Where We're Going

Where We're Going

Wednesday 9 July 2008

Montag ist Bananetag

We had a very lazy Sunday morning, despite very loud church bells ringing from down the road early in the morning. We set out for breakfast not realising that Vienna is closed on Sundays. We finally came to a bakery in the centre of the city and breakfasted outside the Hofburg, while watching lots of horses (wearing ear hats) and carts, and listening to the haunting sound of a young boy playing a recorder/keyboard type instrument. There were hundreds of tour groups around, but when we went 100 metres to the north of the city there was no one there. We decided to go and see a pretty building we had seen lit up the night before and it turned out to be the Rathaus building. We wandered all around and also saw Parliament and Votivkirche, a really pretty church with scaffolding on...

The entire area was full of really grand buildings and there were very few people there, it was like our own little corner of the city. We sat in Rathauspark, saw some men with sausage dogs and were laughed at while playing in the park by an old man on a bench. We walked back to town, passing a shop called "Bags With IQ" and went on a search for a snowstorm. It didn't take long and, content with our purchase, we stopped for ice cream (hazelnut and amaretto semi-freddo) and slowly walked back to the hostel. We saw a shop called "Handy John" on the way back to the hostel, and passed a night club called "Your House".

We had a new guy in our hostel that night, a young French guy called Martin who has been hitch-hiking around Europe and is planning to head from here to south-east Europe. So there were 7 of us in the dorm - Nicole & Rob, the guys from Kansas, Tiffany & Tamara, sisters from California, us and Martin. We had a really nice night in just chatting about art and photography (in which Nicole majored) and watching ridiculous shows on MTV while trying to explain what was happening to Martin, who had fairly limited English. We had a great night in (one of my favourites of the whole trip) and, after doing some laundry in the bathroom sink, we snacked on bread and chocolate spread. At around 11pm a guy from reception came up and asked us to keep the noise down and we felt like schoolkids. We finally went to bed after another lightning storm, but the Americans stayed up another couple of hours. I, however, fell fast asleep to the soothing sound of the rain on the windowsill.

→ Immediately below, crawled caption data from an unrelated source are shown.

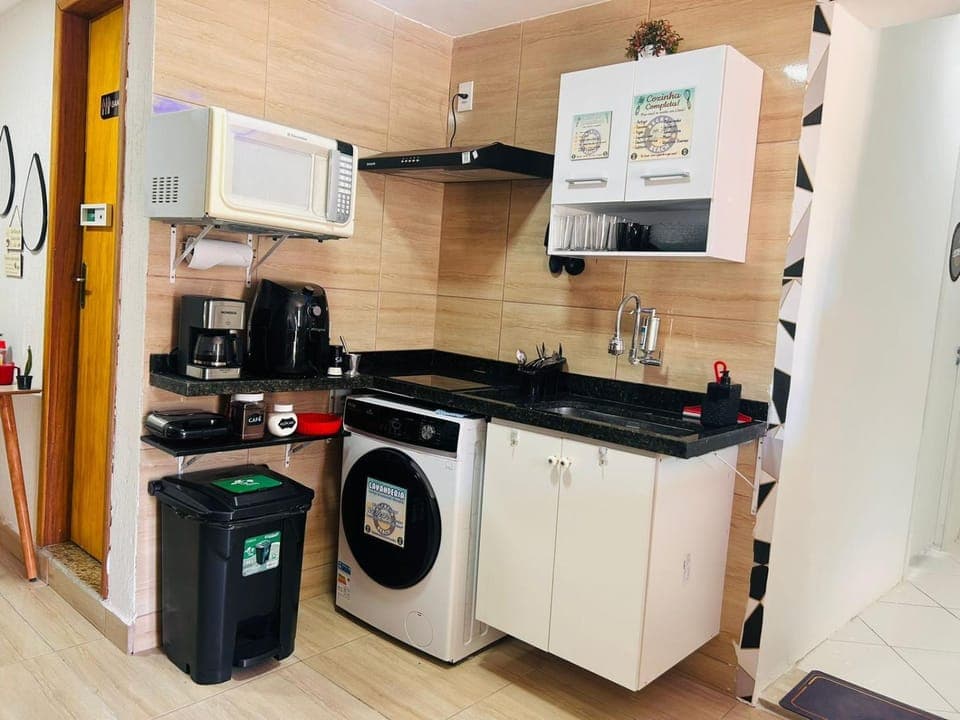 Kitchen or kitchenette, oven, stove, toaster, washing machine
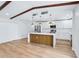 Well-lit kitchen features stainless steel appliances, a center island, and white cabinets and countertops at 1332 Marjohn Ave, Clearwater, FL 33756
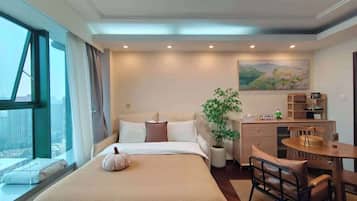 Grand Duplex, Bathtub, City View | In-room safe, desk, blackout drapes, iron/ironing board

Martin left early the next morning, to hitch-hike to Budapest, and the Americans went out early too. We eventually got up and, after all the walking we have done lately, we decided to treat ourselves to a tram ride! The tram was really bizarre, it went underground and the stations were like tube stations. We had a 10 minute journey down to the south west of the city, the only part we had not yet visited. The entire area looked really rundown and when we tried to find a Lomo shop it ended up being just a warehouse :( from there we walked to Schloss Schonbrunn, where we saw a nun wearing a pale grey skirt suit. We picnicked under an arch of the palace while it rained all around us. We dropped a couple of crisps and watched in fascination as a mass of ants enveloped them and, instead of moving them anywhere, it looked like they were holding on and sucking all the flavour off. We watched for about 15 minutes then went for a rainy walk around the palace grounds. The gardens were really pretty, lots of fountains and beautifully patterned flowerbeds. In a corner at the far end of the palace grounds was a zoo called the Imperial Zoo, so John and I did what can only be expected of us, very bad Darth Vader impressions along the lines of: "Luke, I am your father... Now let us see the pandas."

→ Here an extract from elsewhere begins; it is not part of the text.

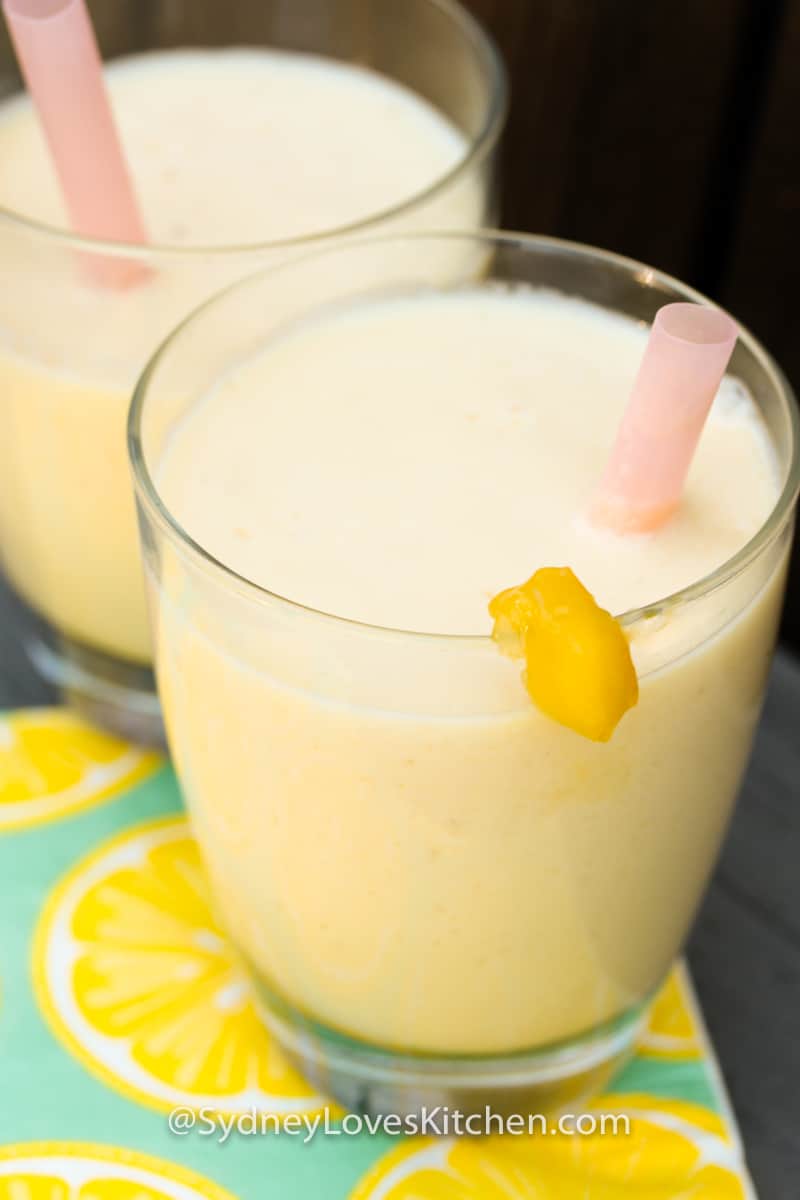 two glasses of mango yogurt with pink straws in each glass.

We passed loads of fountains, took obligatory fountain impression photos and saw ducks racing in one of them. The rain got much worse so we headed back under cover, stopping by the ants to check their progress. The crisps were significantly lighter in colour than they were, so they must have sucked them dry! The toilet at the palace was really swanky and the middle-aged assistant at the front entrance had a computer on which she was playing some kind of role-play game. The other cool thing about the toilet was that after it flushed the toilet seat rotated and a bit shot out of the cistern bit to wipe the seat as it rotated! The rain progressed into a big ol' storm so we sat under cover and people and lightning watched. We saw a man with the highest waisted trousers ever, a huge grasshopper jump onto the head of a young girl and the fattest pigeons we have ever seen. The air was really warm and muggy and the lightning was cracking right above us, but we got impatient and (armed with our huge Ljubljana umbrella) braved the rain and headed to the centre of town through the "alternative" area of Vienna. We got to the Hofburg just in time to meet Nicole, Rob, Tiffany, Tamara and Hannah for dinner. We went to a Turkish/Mediterranean restaurant and had another lovely evening. They were all very amused when I remarked that I was quite fond of John (which I am!) and we made a plan to have a USA road trip next year as a Room 206 reunion. Tiffany and Tam left to get their bus to Venice and John and I walked back to the hostel for a quiet night in on our last night in Vienna.

On our way back we passed a billboard poster advertising the Imperial Zoo, which had a big picture of a panda and a speech bubble saying "Hello, Little One. How nice it is to see you LIVE!" This made me glad we hadn't gone to the zoo after all.